- Presented: 19 March 1987
- Commissioned by: Department of Defence

= 1987 Defence White Paper =

Australian Department of Defence review

The 1987 Defence White Paper, titled The Defence of Australia, was a white paper published by the Australian Department of Defence during the Hawke government introduced by Minister for Defence Kim Beazley.

== Background ==

The first Defence White Paper was published in 1976 under the Whitlam government. The 1987 Defence White Paper expanded the emphasis on self-reliance that was established in the 1976 Defence White Paper, no longer focusing defence policy primarily on attracting the attention of powerful allies. These white papers formalized the Defence of Australia policy.

The 1987 White Paper was released following the Dibb Review of Australia's Defence Capabilities and the Cooksey Review of Australia's Defence Exports and Defence Industry.

== Synopsis ==

The paper affirmed that Australia faced no military threat, barring the remote threat of global war. It asserted that no country had the capacity or motivation, to sustain high level military operations against Australia, though Australia would still be vulnerable to harassment across its coastline and sea approaches.
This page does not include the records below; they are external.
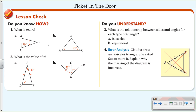Here's your ticket in the door. Number one: find the measure of angle A in both triangles. Number two: find the value of x in both triangles. Number three: what is the relationship between sides and angles for each type of triangle? Number four: Claudia drew an isosceles triangle and asks you to mark it — explain why the marking of the diagram is incorrect. Have this ready before class tomorrow.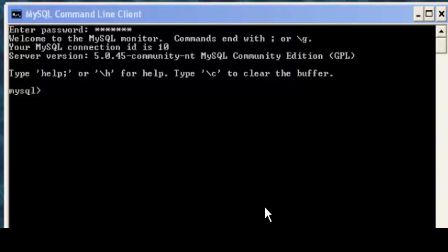In this tutorial, we're going to go over how to use the MySQL Dump Command to back up your MySQL databases.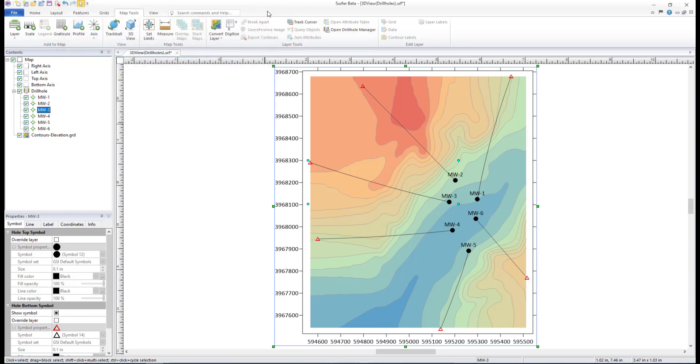This concludes the video training for the Drill Hole Manager in Surfer. To learn how to format data for a Drill Hole layer, create a Drill Hole layer, and view the layer in the 3D view, see Golden Software's Drill Hole Map training video.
The paper re-affirmed self-reliance and adopted the strategy of defence in depth, as opposed to the publicly unpopular forward defence strategy which saw Australia intervene in the Vietnam War. The paper restated the importance of Australia's alliance with the United States and declared Australia's area of military interest to include much of Oceania and South East Asia.

The paper did not announce any new capability projects or any detailed expenditure proposal. However, it did emphasise the need to acquire modern technology such as satellite communications and airborne early warning aircraft.